Video,design beauty, demo, power all amazing. :thumbsup: :thumbsup:


----------



## Flatband (Dec 18, 2009)

Really cool Toby! Great work on that slingshot too! Flatband


----------



## Rayshot (Feb 1, 2010)

Enjoyed that thanks for sharing. Beauty of a slingshot too!


----------



## tradspirit (Jul 23, 2012)

Excellent video! Beautiful sling!!


----------



## lightgeoduck (Apr 3, 2011)

Awesome! You are one of my favorite slingshot Youtubers!

LGD


----------



## bigron (Nov 29, 2012)

beautiful shooter


----------



## M.J (Nov 1, 2010)

I started watching to see the coconut destruction but I stayed to watch the build along 

What a great video! I really enjoyed it :thumbsup:


----------



## Tobse (Nov 4, 2010)

Thanks guys, glad you like the video.

they tasted good.



M_J said:


> I started watching to see the coconut destruction but I stayed to watch the build along
> 
> What a great video!

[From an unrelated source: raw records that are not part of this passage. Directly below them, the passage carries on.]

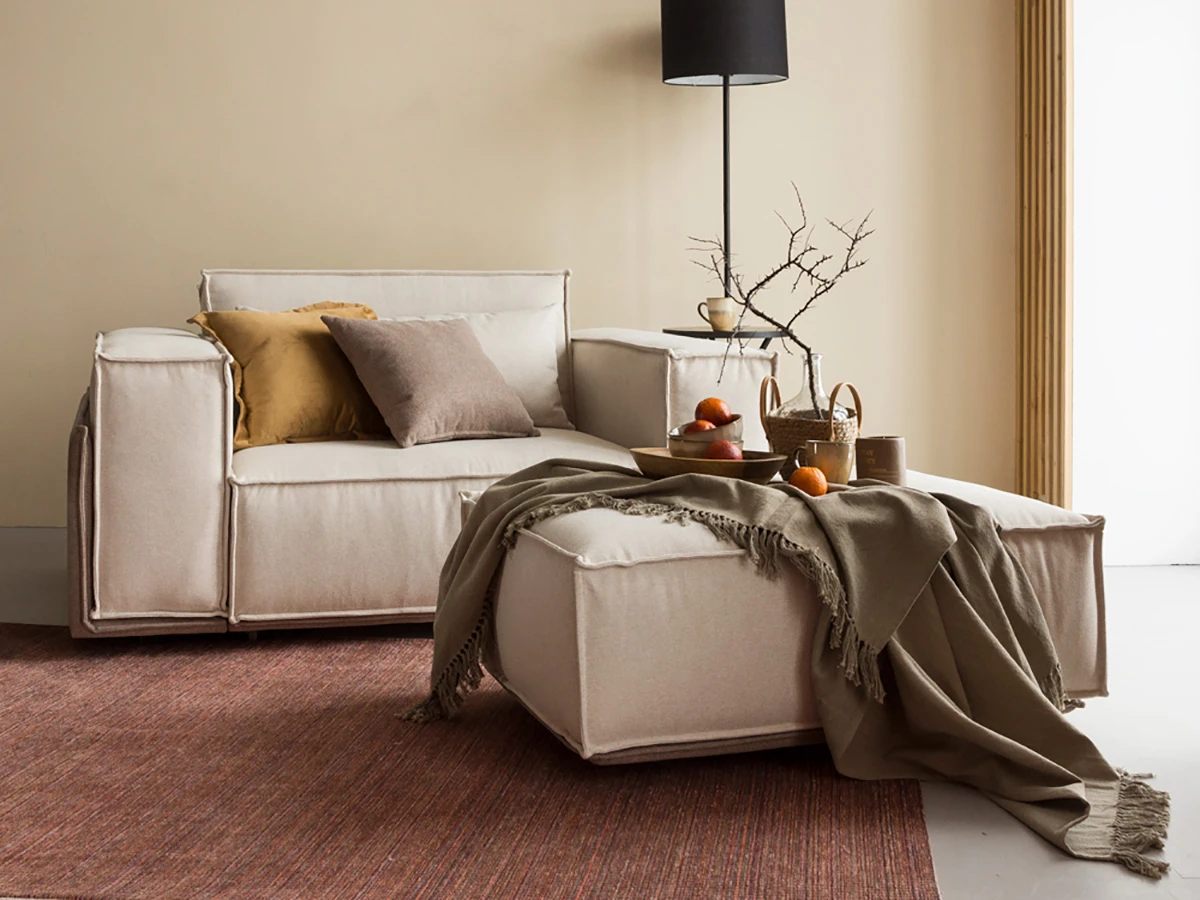 Кресло Asti 948249  - фото 7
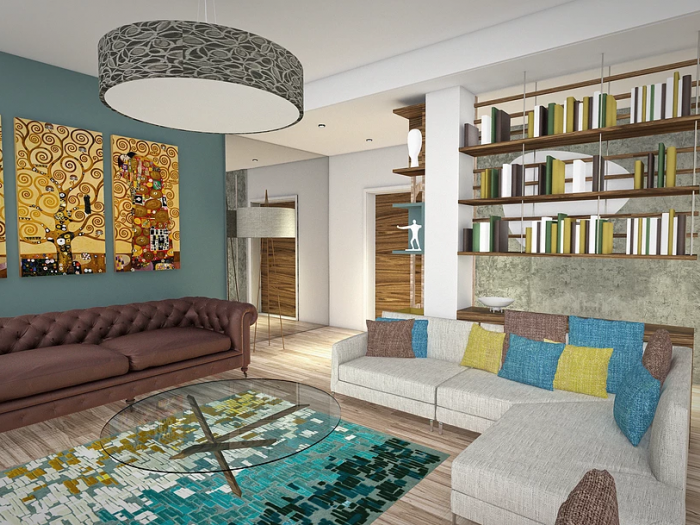 Archisio - Giovanni Valente - Progetto Casa marco pescara pe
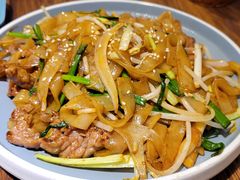 -佬港味粤味小馆(锦艺城店)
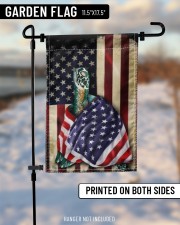 Turtle 11.5"x17.5" Garden Flag aos-garden-flag-11-5-x-17-5-lifestyle-front-14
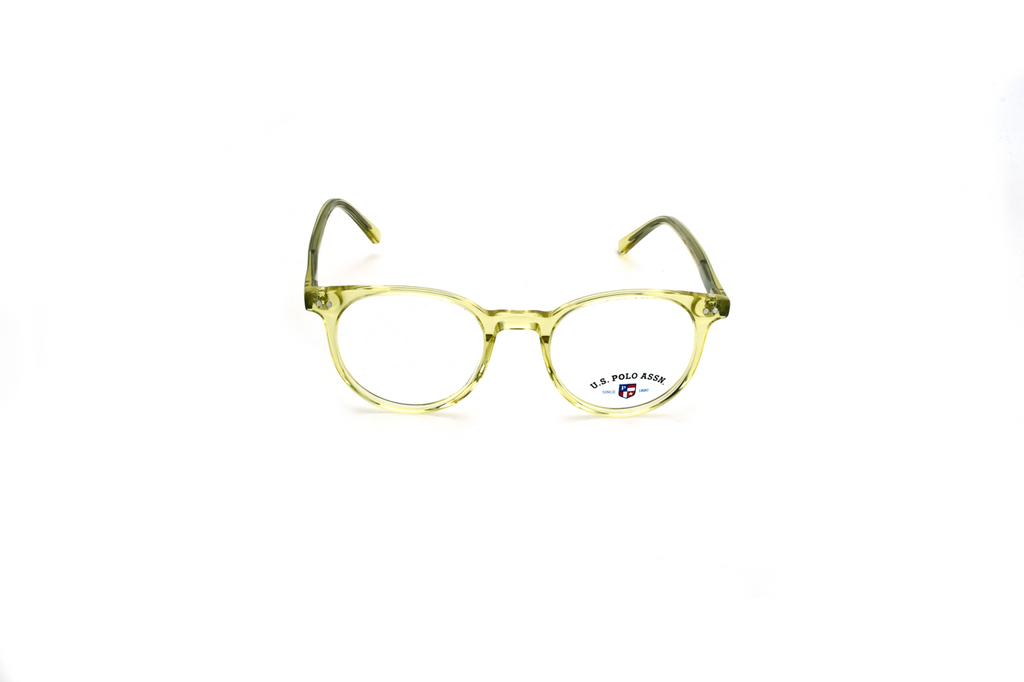 USPOLO.ASSN USO 0138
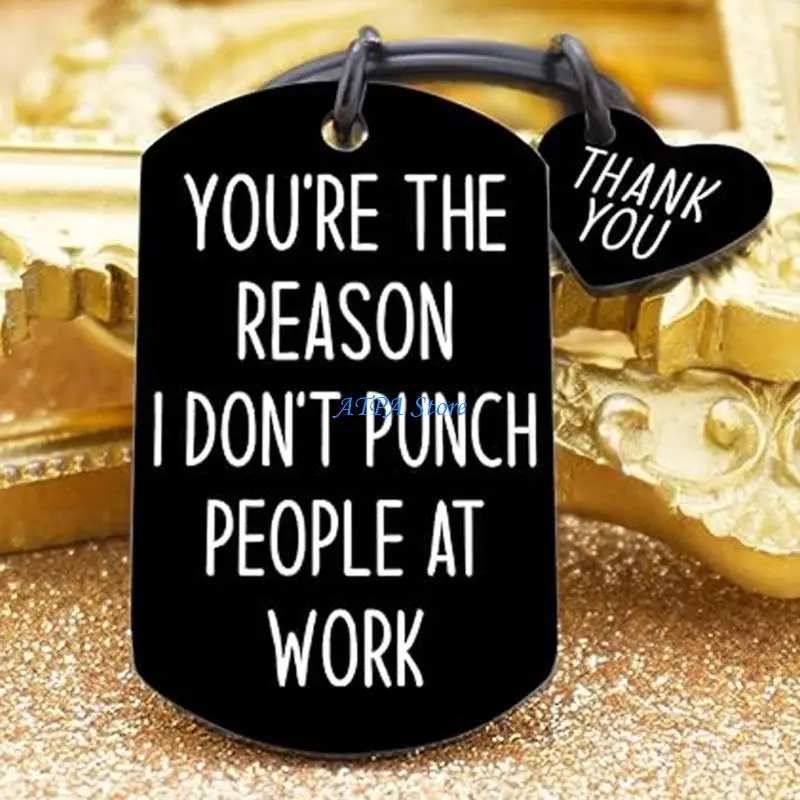 u13c-Легкий-юмористический-брелок-с-гравировкой-подарок-для-сотрудников-коллег-и-начальников-чтобы-выразить-признательность-и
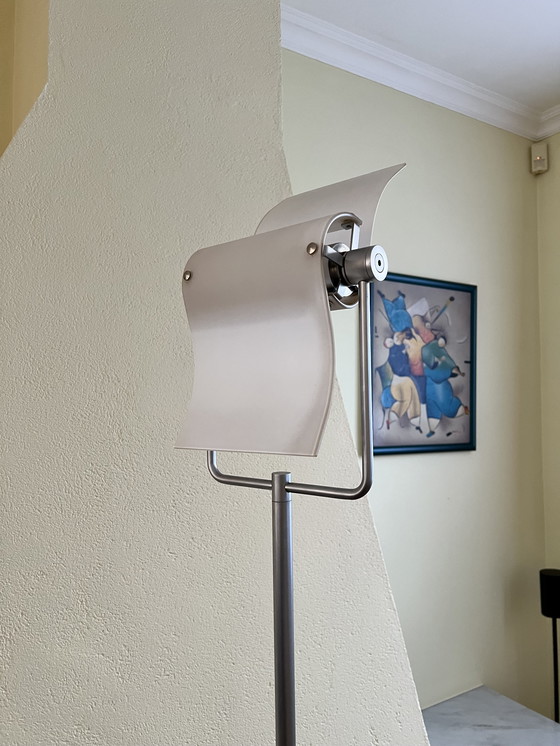 Image 1 of 1 Classicon Bia Floor Lamp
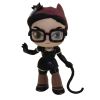 Funko Mystery Minis Vinyl Figure - DC Bombshells (Specialty Series) - CATWOMAN (3 inch) (Mint)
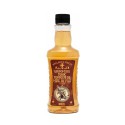 REUZEL GROOMING TONIC Tonik do stylizacji włosów 350 ml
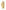 KARL LAGERFELD HAMBURG R0553105507 Γυναικείο Ρολόι Quartz Ακριβείας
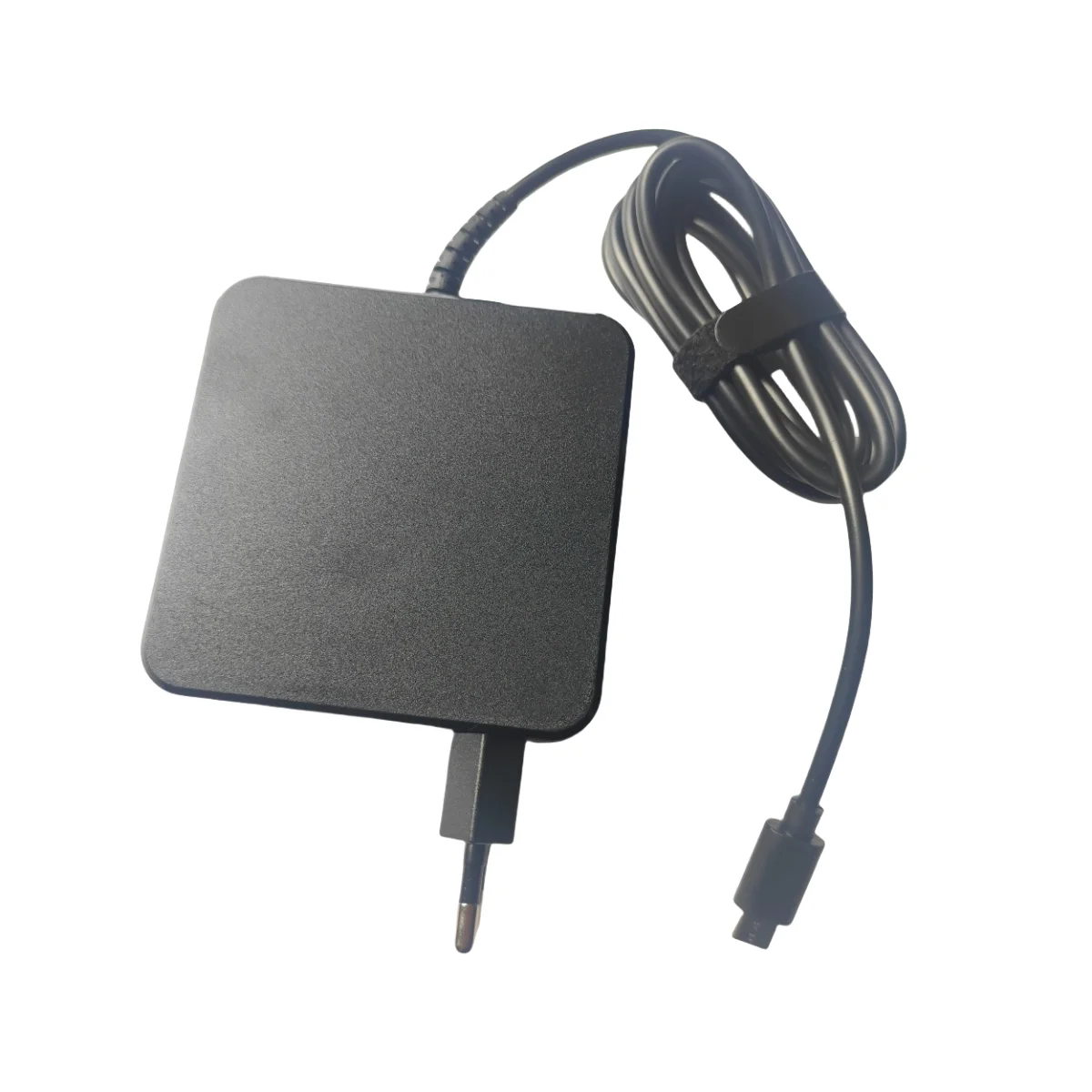 90W USB C 20V 4.5A Laptop Adapter Type C Power Delivery PD Wall Charger 65W 61W 45W for MacBook Pro Air 2018 HP Dell ASUS Lenovo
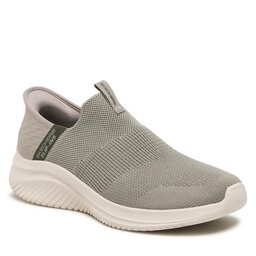 

Снікерcи Skechers Ultra Flex 3.0 Viewpoint 232451/TPOL Gray, Сірий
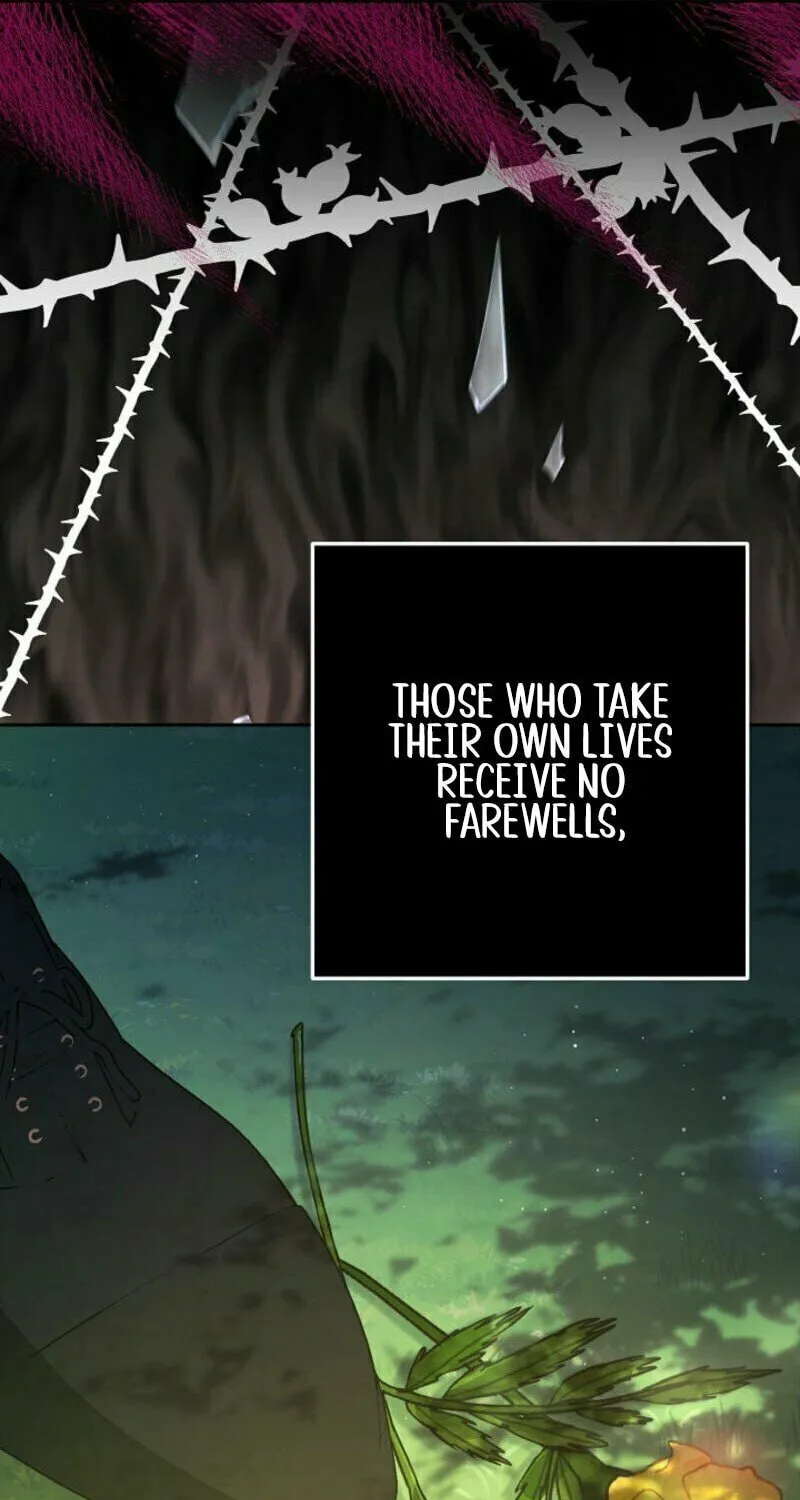 Read I Saw a Play chapter 3 image 88 on Lezhin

I really enjoyed it :thumbsup:


this exactly was my plan 

i found this small build along clips while cleaning my HDD, because i like the slingshot, so I wanted it to share with you guys 

But I found it a bit boring, then I thought what could I do to make it a little more entertaining ?

So i went out and shoot through this coconut to make it more entertaining.

i think this is my preferred method to open a coconut in the future, most likely it does not go faster 

regards

Tobse


----------



## AnTrAxX (Jul 18, 2012)

Glad to see you are "back" lol


----------



## BrokenPins (Feb 10, 2013)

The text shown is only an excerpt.